Valsartan Recalled: What to Know About Pending Litigation

DrugsLegal News

Many of the class action lawsuits filed against drug manufacturers in the U.S. allege that the drugs themselves, as formulated and prescribed, have dangerous or potentially deadly side effects. However, the lawsuits currently pending against the makers of Valsartan, a popular generic blood pressure medication, are a bit unusual in this respect—instead of arguing that the manufacturer erred by creating a drug with unreasonably harsh side effects, plaintiffs allege that Valsartan’s creators negligently or recklessly contaminated the drug with a cancer-causing chemical during the manufacturing process. Learn more about Valsartan and the harms alleged in the present litigation.  

What is Valsartan?

This drug is included in the broad class of drugs known as “beta blockers” that are designed to treat a variety of heart-related conditions, including high blood pressure or hypertension. Specifically, Valsartan is an angiotensin II receptor blocker (ARB), which helps relax blood vessels and reduce the amount of work the heart must do to pump blood. Along with other generic beta blockers, Valsartan has been prescribed to treat everything from chronic hypertension to congestive heart failure, kidney disease, or diabetes-related kidney failure.

Why Valsartan Was Recalled

Like many drugs, Valsartan includes some side effects ranging from mild to uncomfortable. Some of the listed side effects of Valsartan include headache, dizziness, fatigue, diarrhea, and coughing. Valsartan may also make users more prone to viral infections, hypotension (low blood pressure), joint pain, back pain, and jaundice.

However, these side effects—while unpleasant—were expected and included as drug label warnings. Valsartan was instead recalled in July 2018, shortly after the U.S. Food and Drug Administration (FDA) discovered that multiple batches of Valsartan had been contaminated with the carcinogenic chemicals, N-nitrosodimethylamine (NDMA) and N-nitrosodiethylamine (NDEA).
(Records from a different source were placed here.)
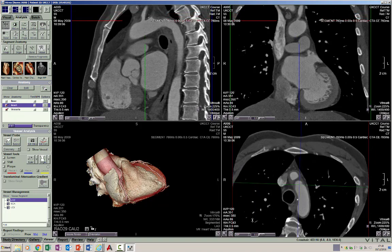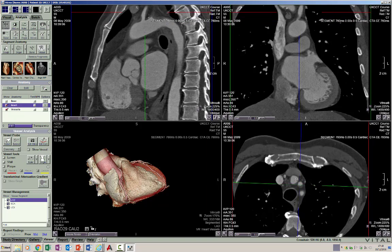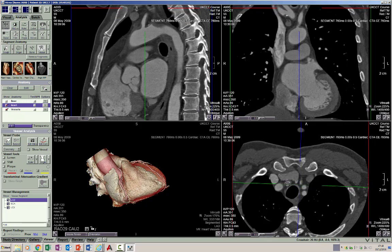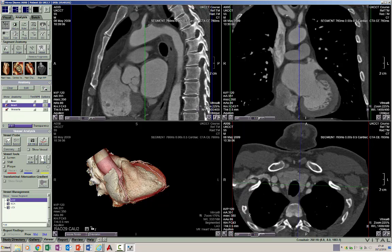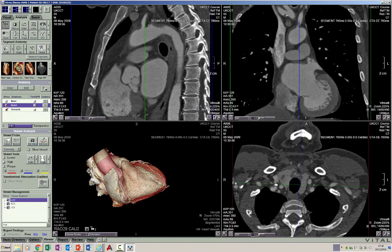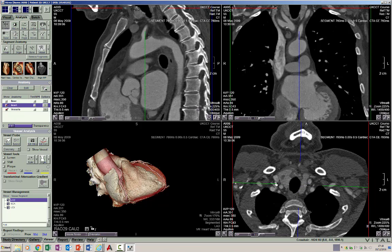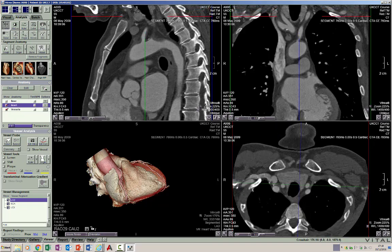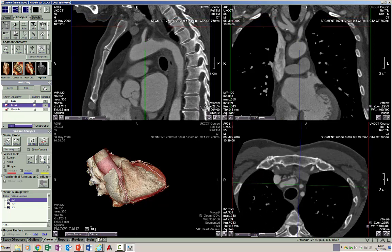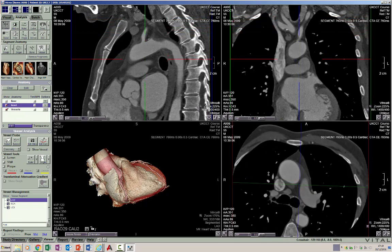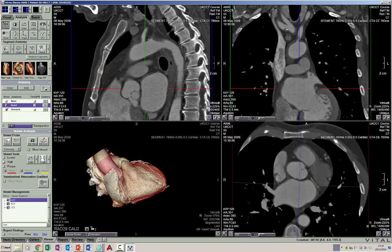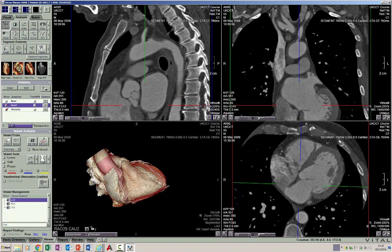The two brachiocephalic veins, left and right, join together to form the SVC. Going up, we can see the brachiocephalic artery dividing into the right subclavian artery and the right common carotid artery going up along the right aspect of the neck. In the midline is the trachea, and on either side the two lobes of the thyroid gland, the left subclavian artery, and the left common carotid artery. This concludes the anatomy of the vascular structures in the mediastinum, cardiac chambers, and LV segmentation. We will now proceed to the anatomy of the coronary arteries in the next section.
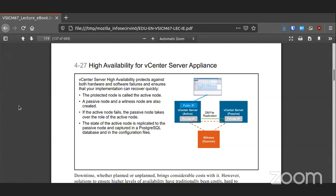High availability keeps your infrastructure running by making all systems into hot sites. In case a VM dies because the hardware died, the VM continues to live on another physical system without skipping a beat. That is part of what vCenter does in ensuring that systems are always running.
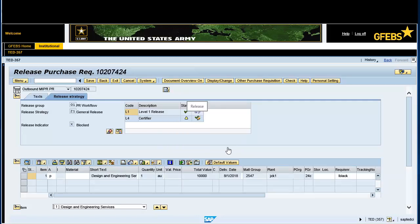Click on the Header icon, if applicable. Click on the Release Strategy tab. Click on the Display Change button on the menu bar.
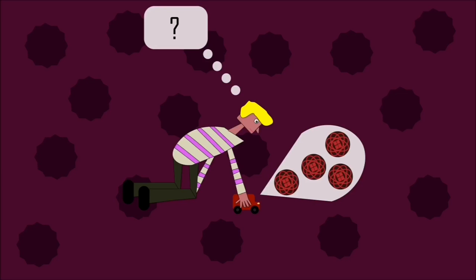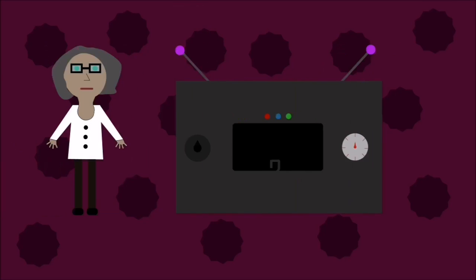While gravitons offer a nice explanation of gravity, we are yet to discover their existence. So what exactly is it about gravitons that makes it so hard to discover?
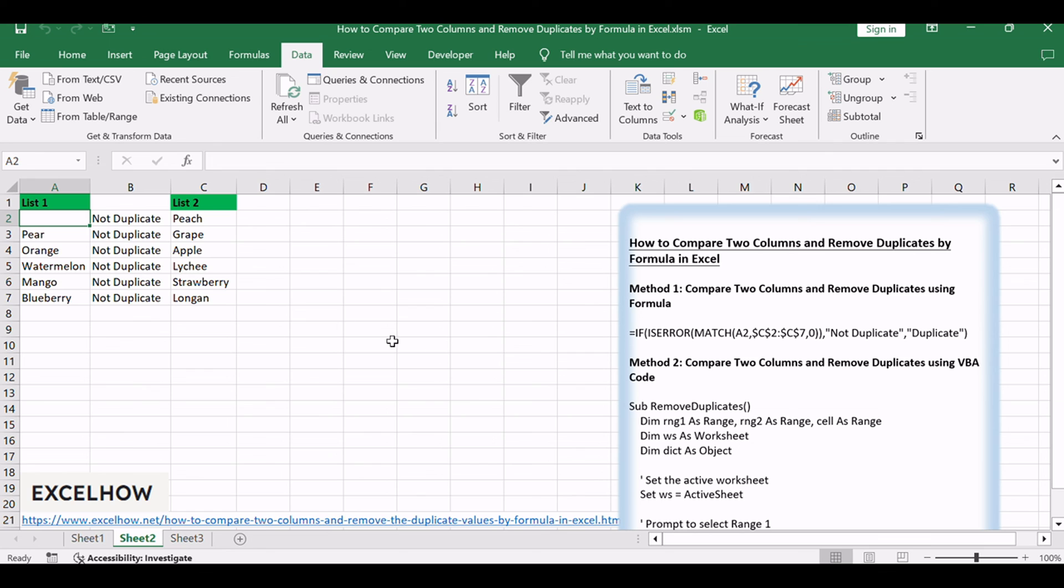If you found this tutorial helpful in learning how to compare two columns and remove duplicates in Excel using both formula and VBA code, don't forget to subscribe for more Excel tips and tricks. Thanks for watching.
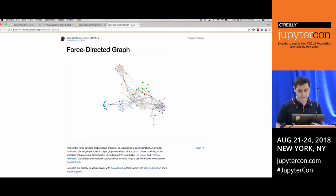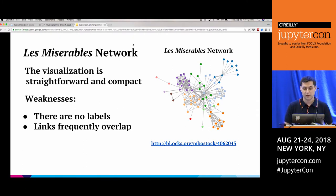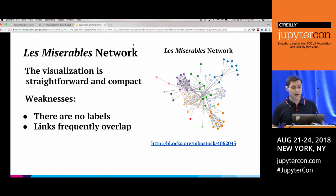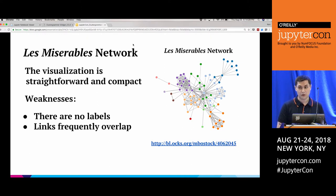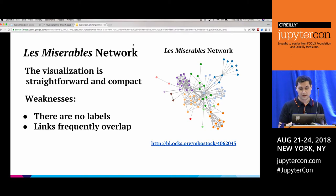This visualization lets us identify main characters like Valjean, who interacts with a lot of people, and identify clusters of characters that co-interact. It's a straightforward and compact visualization. However, weaknesses include no persistent labels — you have to hover over nodes to see them — and the links frequently overlap, making it hard to see exactly what is happening in dense areas.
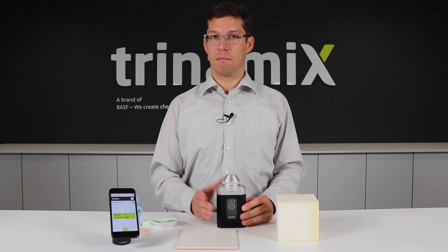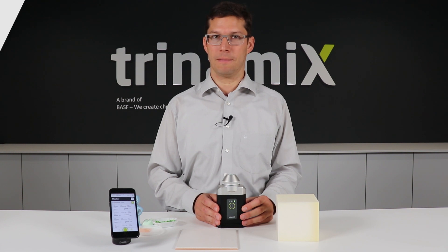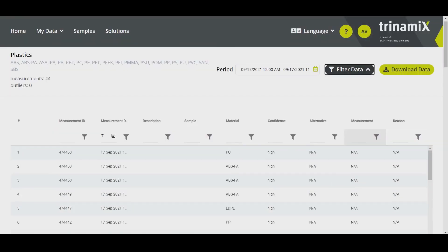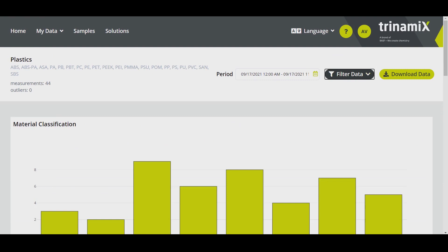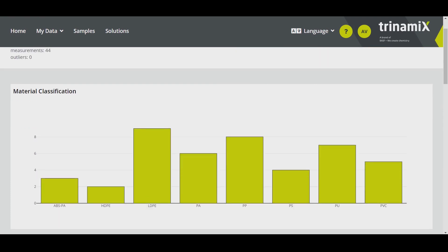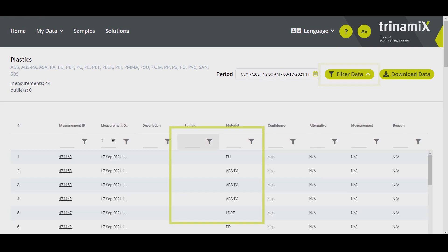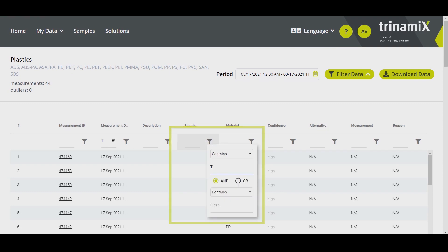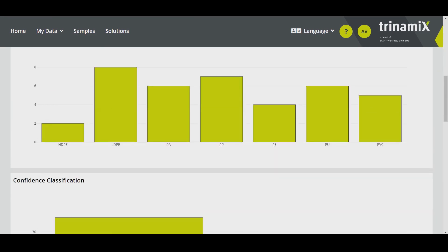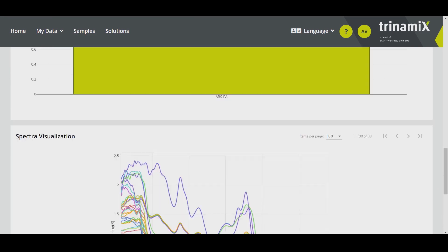Now we've performed our measurements and I'm going to show you how this looks like in our customer portal. Here you can find all your measurement results being displayed in a table or in a diagram. If you have measurements with a certain sample ID, you can filter them and look specifically for these samples in the diagram. If you scroll further down, you will also find the spectra of all these samples.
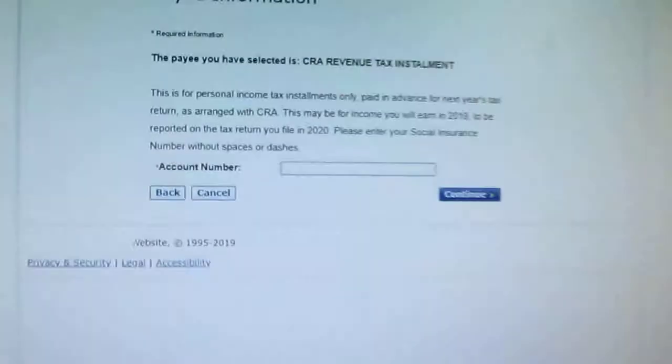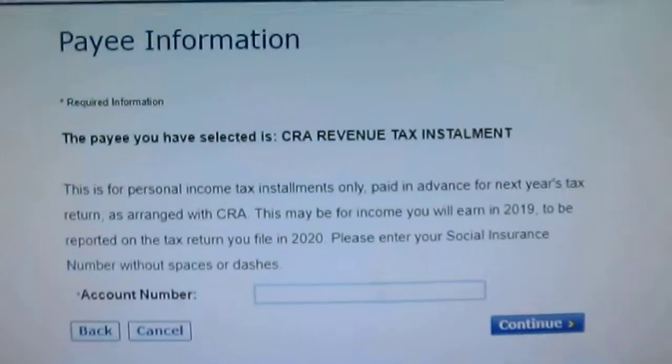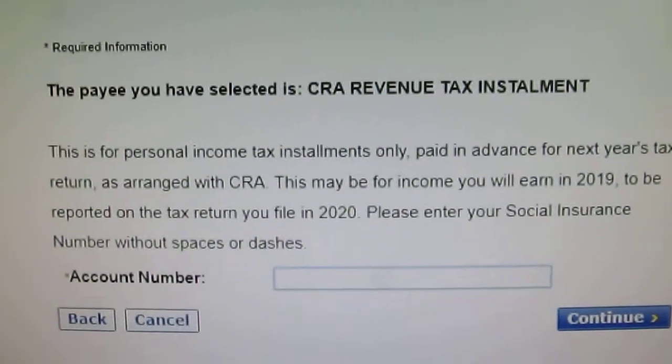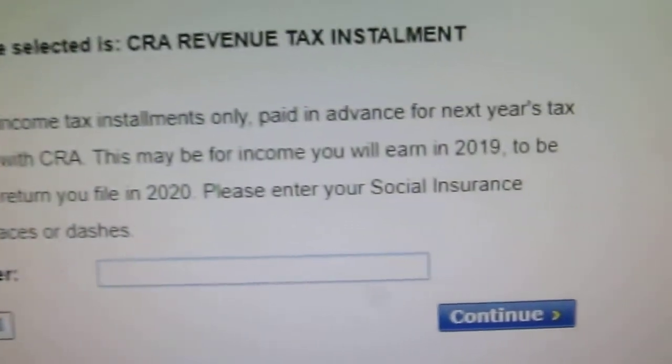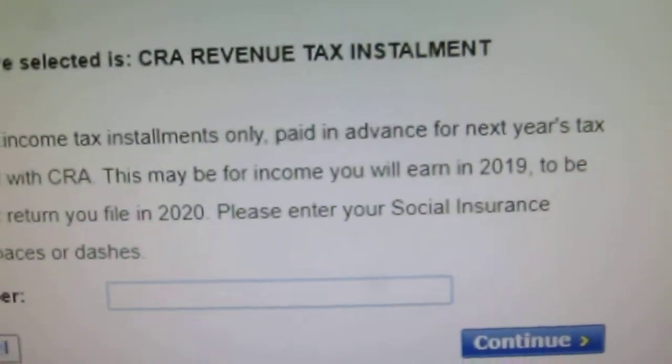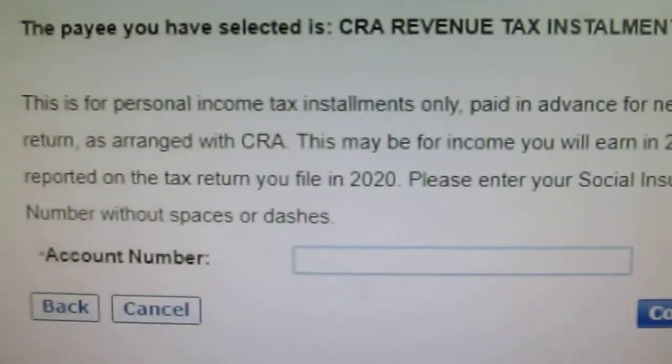With that in mind, I'm going to show you first how to create the payee on your online banking. With the CRA, you've got to do a search by CRA and you have to look for the installment payee. So over here, as you can see, it says CR Revenue in Tax Installment, and this is where they say pay in advance to your income tax.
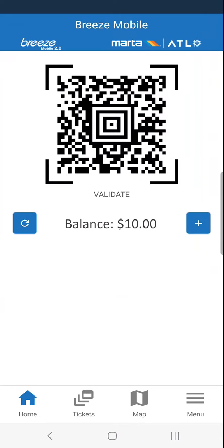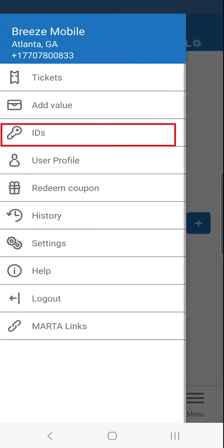From the home screen, click on the menu icon at the bottom right. Next, click the Key IDs option.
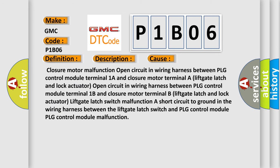Closure motor malfunction. Open circuit in wiring harness between PLG control module terminal 1A and closure motor terminal A lift gate latch and lock actuator. Open circuit in wiring harness between PLG control module terminal 1B and closure motor terminal B lift gate latch and lock actuator.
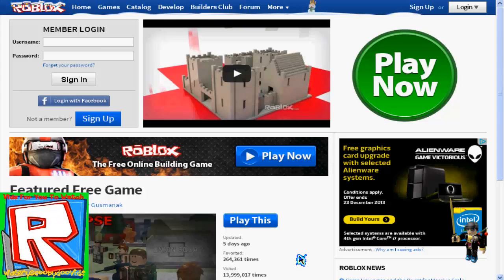Hey guys, what's up, it's WarioSkubitVids, and welcome to another video. Thanks for doing Roblox — I'm showing you a tips and tricks video on, as you can see in the title, how to find out people's passwords. Tips and tricks.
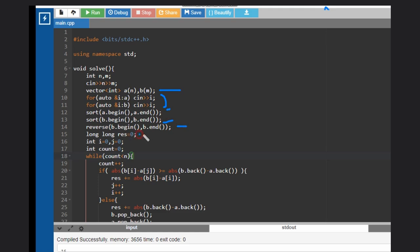And then what we need to do: sort a, sort b, and reverse b vector like we have seen in the example. Then you need a result variable to store the result. And results can be large, so we are using long long here. And we are having two pointers i and j. So i is pointing to a and j is pointing to b from the starting.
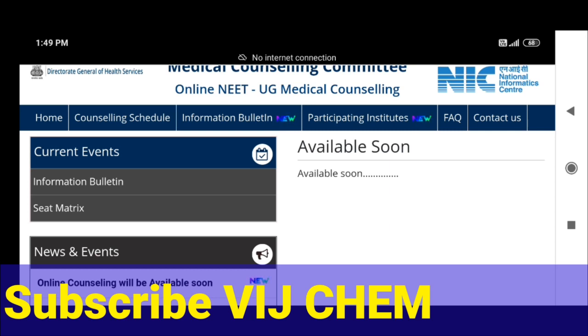It is updated on our website, vijchem.blogspot. Try to visit that also so that in the last minute rush you should not be found with incorrect or inappropriate reasons.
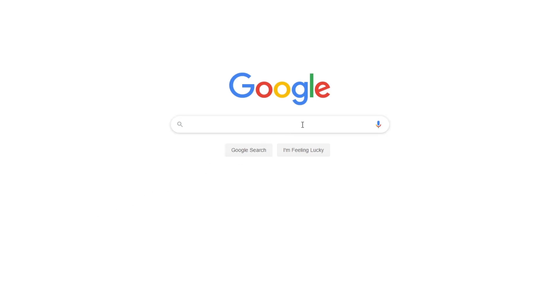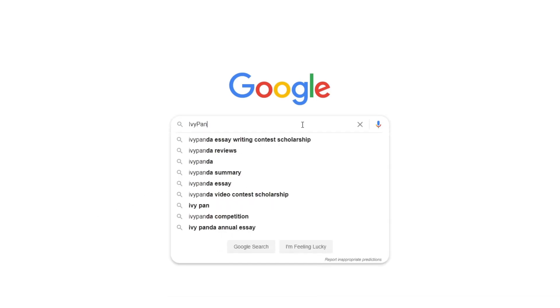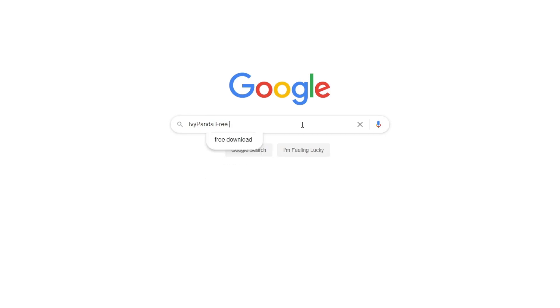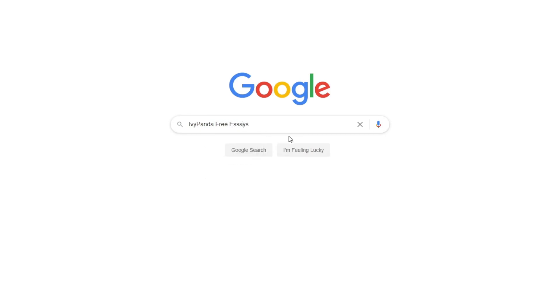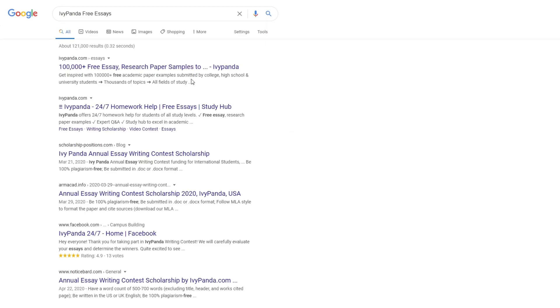This essay example, as well as thousands of others, is available in text format on our website for free and without registration. Simply Google Ivy Panda Free Essays.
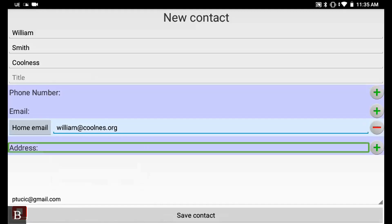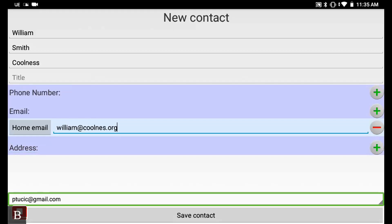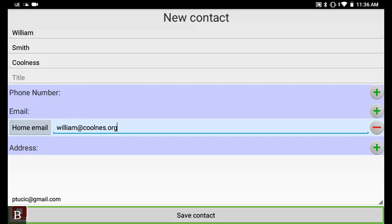When you've filled in the contact details, scroll down to see the Address field and further down, the Source Account option. This is a dropdown that determines which account the contact syncs with - your Google account, Exchange, or others. Any device with access to the selected account will see that contact. Press the next thumb key to reach Save, then press Enter on Save.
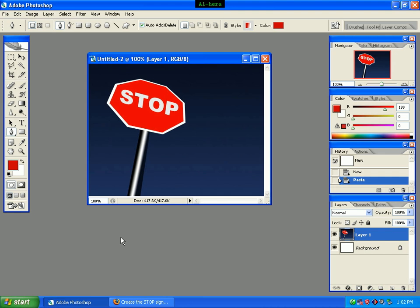If you are looking at Photoshop, you can see the same as a strobe sign.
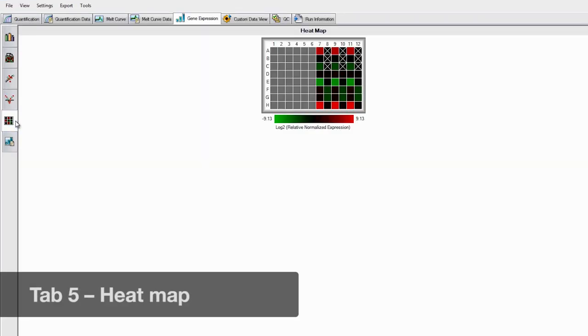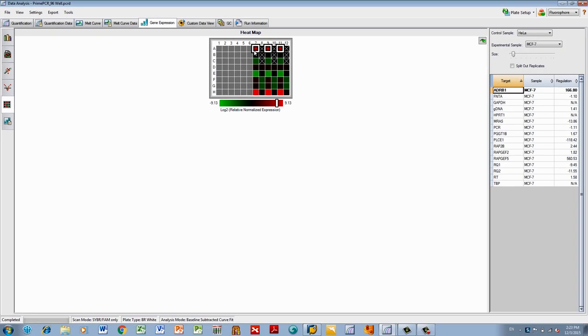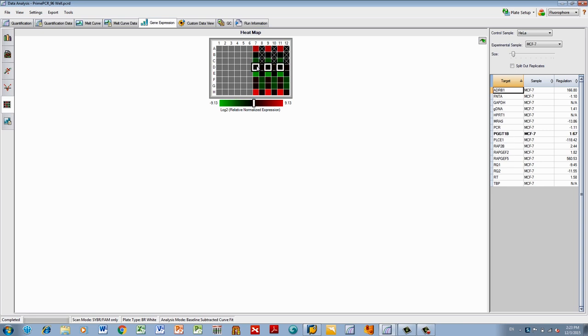The heat map presents a visualization of the regulation of relative normalized expression based on your particular plate setup. As with the clustergram, high expression change is in red, low expression change is in green, and no change in expression is in black. Samples with no value calculated are shown in black with an X.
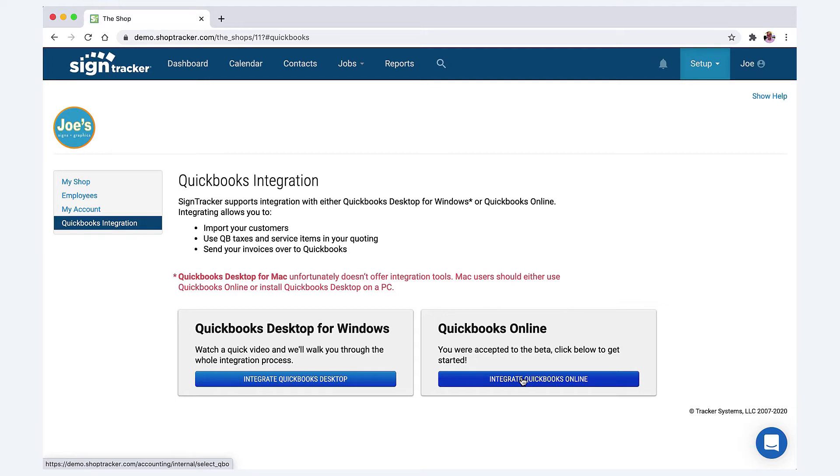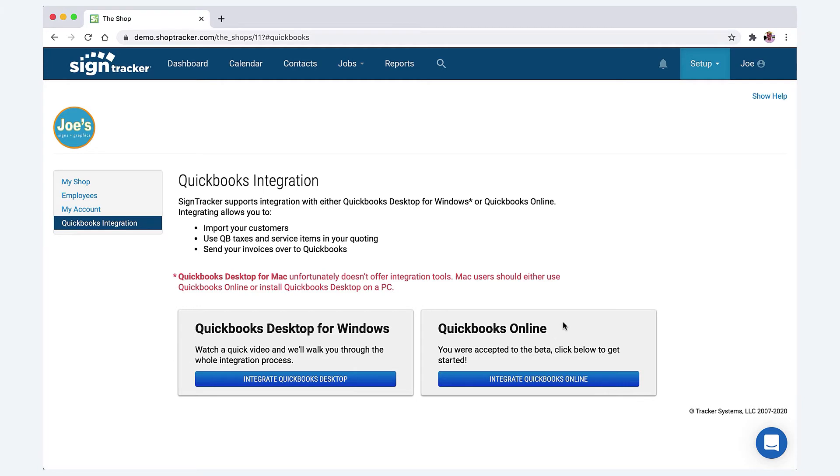It'll walk you through the steps, but I would encourage you if you're going to integrate with QuickBooks to do it sooner rather than later. All of your contacts, your sales tax, and all that will come over, and you won't have to double entry it in SignTracker.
It’s believed that this contamination occurred as a result of some changes to the manufacturing supply chain and production process. The presence of NDMA, in particular, has sparked great concern among healthcare workers and regulatory officials; this chemical is so adept at causing cancer it’s actually used to generate cancerous tumors in the lab rats pharmaceutical companies rely on to help them develop cancer-fighting treatments.   

Although the FDA has estimated the increased cancer risk associated with NDEA- or NDMA-contaminated Valsartan as relatively low—only about one additional cancer diagnosis for every 8,000 Valsartan-taking patients—the sheer number of individuals who have been or are currently prescribed Valsartan means that this 1-in-8000 ratio is a significant figure.  

Because Valsartan is designed to be taken orally, the carcinogens in each contaminated batch start working from the stomach out, creating a disproportionately negative impact on the digestive and excretory systems. As a result, some of the most common diagnoses attributable to the contaminated Valsartan include colorectal cancer, intestinal cancer, kidney cancer, liver cancer, and stomach cancer.  

The Valsartan Litigation

Shortly after its initial recall in July 2018, the FDA halted all imports from certain Chinese factories associated with the contaminated Valsartan in an attempt to stem the number of individuals who could potentially be exposed to this drug. During the same time period, several class action lawsuits (as well as many more individual lawsuits) were filed against the pharmaceutical companies, manufacturing factories, and other intermediaries involved in the production and sale of Valsartan.

In February 2019, many of the earliest Valsartan lawsuits were consolidated into the multidistrict litigation (MDL) “In re Valsartan Products Liability LItigation,” currently pending in a New Jersey district court.

It’s likely that a few representative claims encompassed in the MDL will soon be selected to proceed as bellwether cases. These bellwether cases require the parties to present (and defend) their claims as to just one plaintiff and are often seen as “test cases” that can predict how the rest of the litigation should proceed. If the bellwether plaintiffs are successful, the manufacturers are more likely to settle the remaining claims without undertaking the hassle and expense of a trial. Meanwhile, if the bellwether plaintiffs aren’t able to show that their injuries stemmed from the manufacturers’ negligence, the remaining cases against these manufacturers may end up being dropped or dismissed.